さまざまな分野へのICEの活用は、当然のようにICEの開発に関わる人材を増やすことになりました。その結果、ICE開発者たちの切磋琢磨によってICE発展の速度は加速。2輪の分野に関しては、1910年代にはすでに4ストロークエンジンでは気筒あたり4バルブや、DOHCなどのハイメカニズムが採用されていたのです。
一方1910年代には、ICE車に対して劣勢になっていたEV勢はその開発に携わる人の数が減少することになります。しかしそれでも、少ないながらもEVの可能性を信じる人たちは、地道に独自のEV作りに励んでいました。
戦時中の燃料事情から誕生したベルギーの"ソコベル"
第二次世界大戦初期、枢軸国のナチスドイツは瞬く間に欧州各国を占領しました。ドイツの西に位置するベルギーは1940年5月にドイツに降伏し、1945年2月に連合軍に解放されるまでの間、ドイツに占領されることになりました。
1942年3月には、ベルギー市民に対する基本的配給が廃止。以降、車両用の燃料は救急隊、バス会社、農家などの限られた対象のみに配られることになったのです。もっとも、配給があったころから燃料不足は深刻なもので、わずかな配給燃料のやりくりにベルギーの人たちは困り果てていました。
ベルギーのド・リムレット兄弟の兄でエンジニアであるモーリスは、1940年秋に自動車事故で入院しているとき、配給問題の対策となる電動バイクの構想をベッドの上で練っていました。兄モーリスが設計図を描き、弟でビジネスマンのアルベールが出資者や部品を製造する業者を探す・・・というコンビネーションにより、1941年1月には彼らの最初の電動バイク試作車が完成しました。
最初の試作車は、自転車よりも遅い!! というお粗末な性能でしたが、兄弟は改良を重ねることで納得できる性能を与えることに成功。10時間で充電可能な3個の6V・45Aバッテリーを、ACECまたはモエス製の1馬力に組み合わせることで、彼らの電動バイク・・・ソコベルは最高速25km/h、航続距離50kmをマーク。なお車重は、100kgにおさまっていました。

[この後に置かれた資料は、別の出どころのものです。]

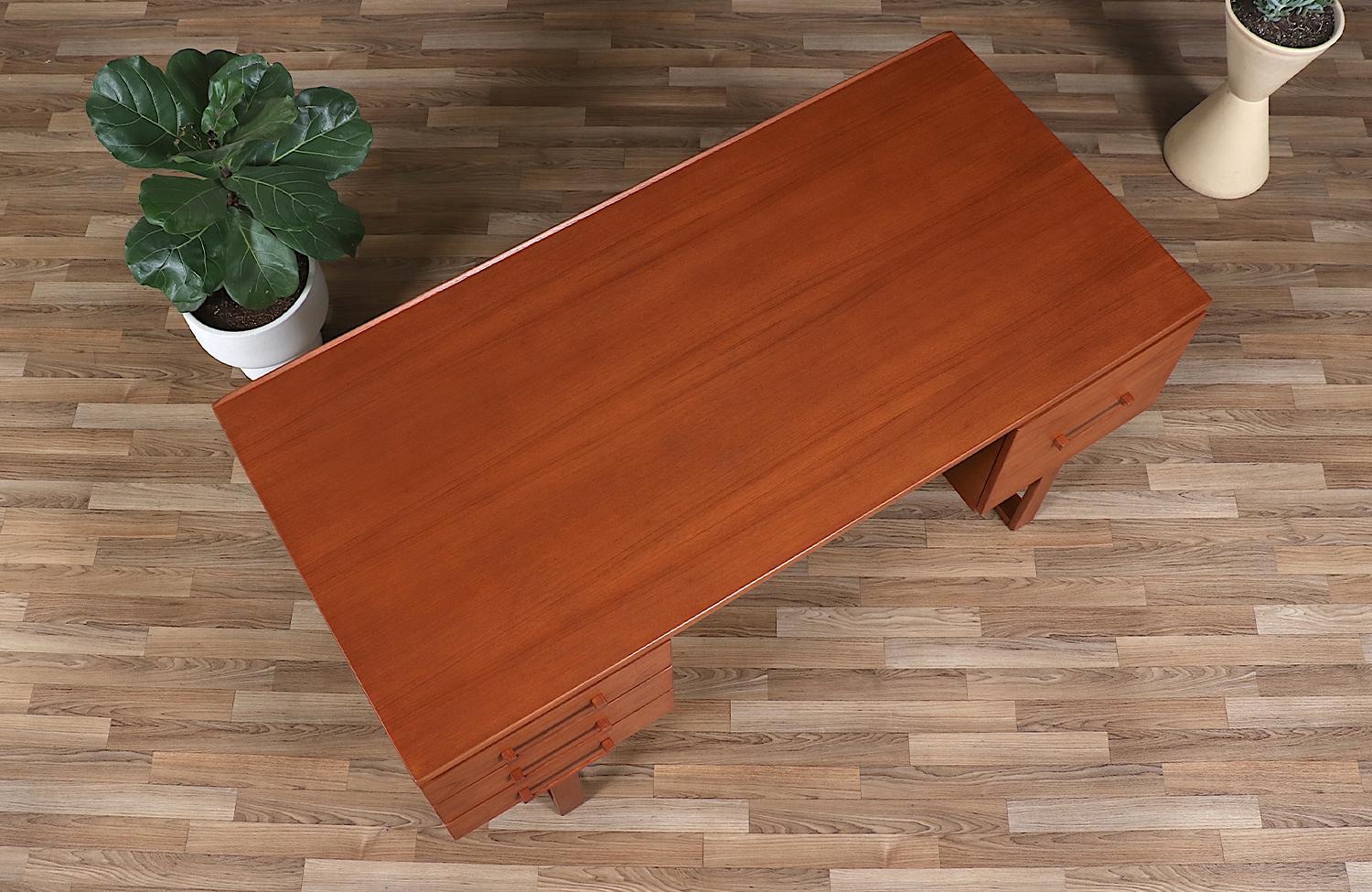 Mid-20th Century Expertly Restored - Henning Jensen & Torbin Valeur Teak Desk for Dyrlund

ナチスドイツ占領期だったこともあり、ソコベルの生産にはドイツ金融庁の許可が必要でしたが、無事500台の製造許可を取り付けることに成功。1941年6月に15台が組み立てられた時点で、ソコベルの市販が開始され、1942年には400台を販売することになりました。なおソコベルはサイドカー版も製造され、動力性能をアップさせるために12Vバッテリーと26馬力のモーターを採用しているのが特徴でした。
ナチスドイツも興味を示したソコベルでしたが・・・!?
1943年、電気だけで走るソコベルに興味を示したドイツ軍は、飛行場のサービス用途にソコベルを使おうとド・リムレットに大量発注をかけようとしました。しかし、兄弟はナチスドイツが大嫌いでした・・・。彼らはなんだかんだと時間稼ぎをすることで、結局第3帝国に1台もソコベルを納入しないというミッションに成功したのです(笑)。

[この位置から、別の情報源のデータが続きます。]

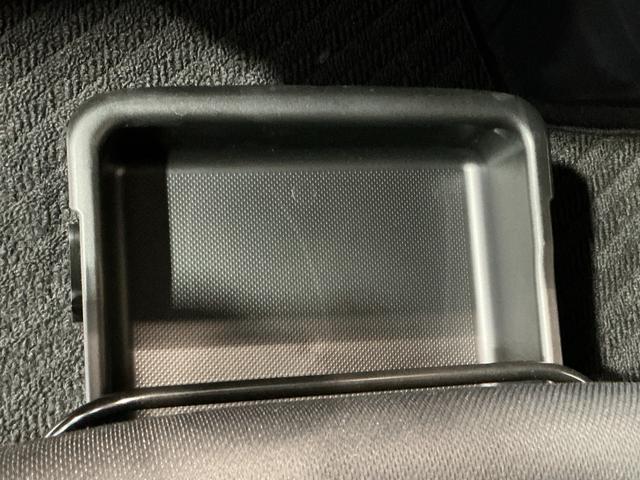 ルーミー カスタムＧ　バックモニタ　横滑り防止システム　運転席助手席エアバック　障害物ソナー　電動格納式ミラー　スマ－トキ－　Ａ－ＳＴＯＰ　エアバック　シ－トヒ－タ－　衝突安全ボディ　ＬＥＤライト　キーフリー（30枚目）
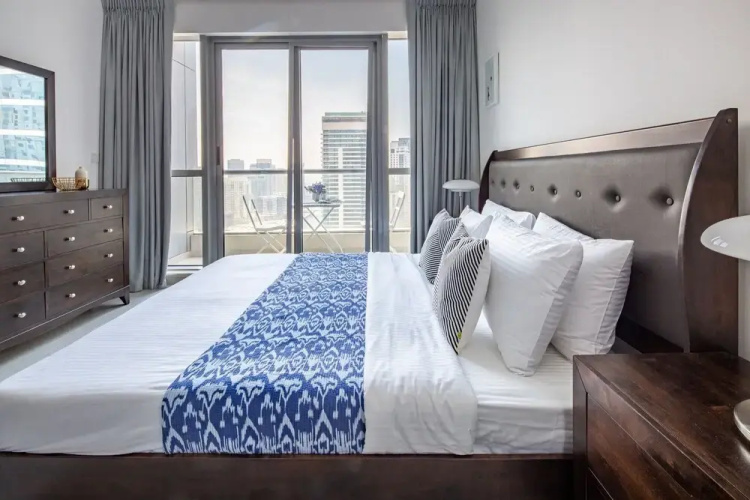 Panoramic 1BR Apartment In Dubai Marina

そして終戦後、ド・リムレット兄弟はガソリンの配給制度がそのうちに終わることを見越して、ICE搭載車の開発計画をスタート。電動のソコベルは1948年に最後の1台が作られて、戦時下の燃料不足という時代の"足"の役目を終えることになりました。
戦後のソコベル製ICE搭載モデルは、ビリアース、CZ、ヤワ、マイコなど各メーカーのエンジンを使用していましたが、アルベールの死後の1956年、安価な4輪車の欧州での普及による2輪不況を鑑み、モーリスは2輪製造業者としての社の活動を終えることを決めました。

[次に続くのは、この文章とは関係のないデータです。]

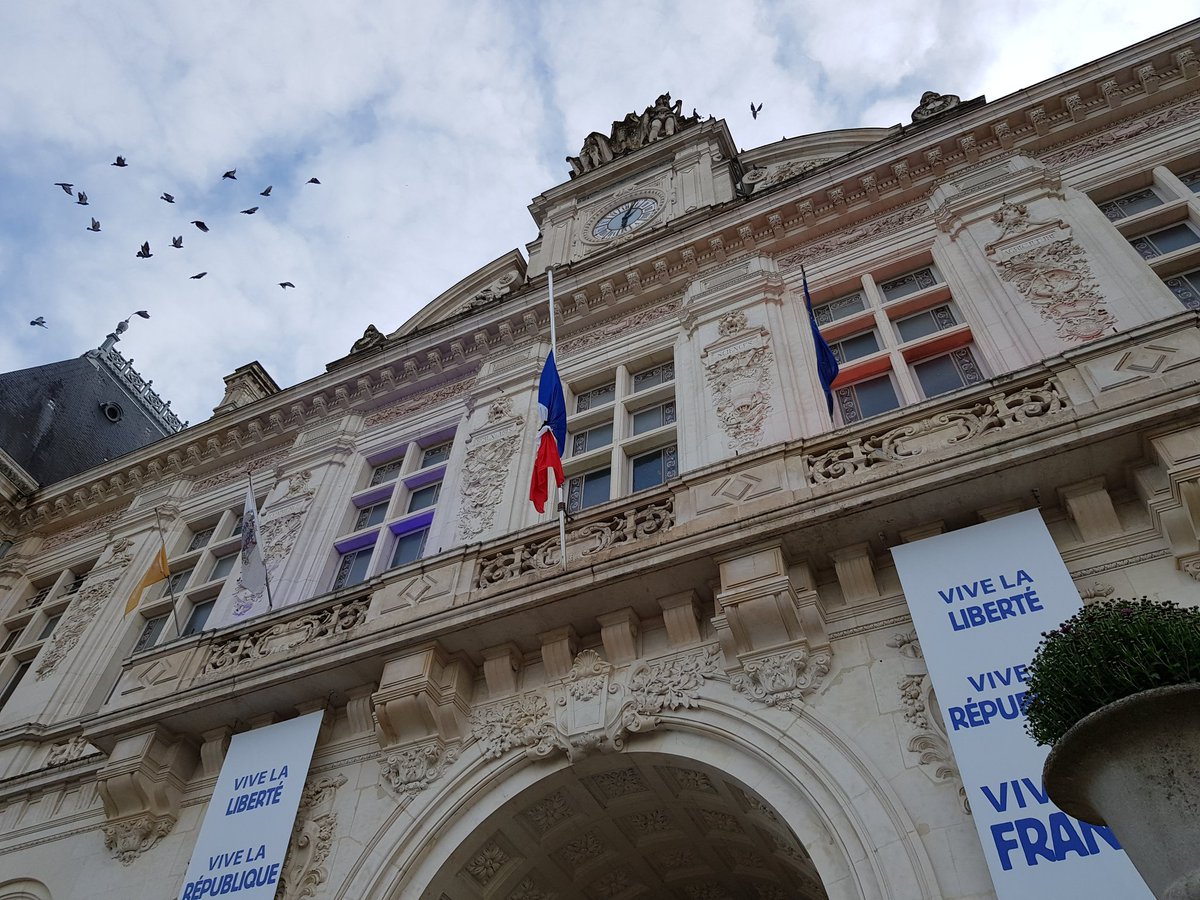 #Niort a rendu hommage ce soir devant l'Hôtel de Ville à #SamuelPaty, enseignant victime d'un attentat vendredi dernier. #Libertedexpression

500+◯台・・・というのが初の量産2輪EVであるソコベルが、残した数字となります。現代の基準からすれば「限定車」と呼ぶのがふさわしい規模に思う方が多いでしょうが、電動車はおろかICE車もなかなか庶民の手に届かなかった時代に生み出されたことを考慮すれば、500という数字がいかに2輪EV史のなかで意味のあるものか・・・がご理解いただけると思います。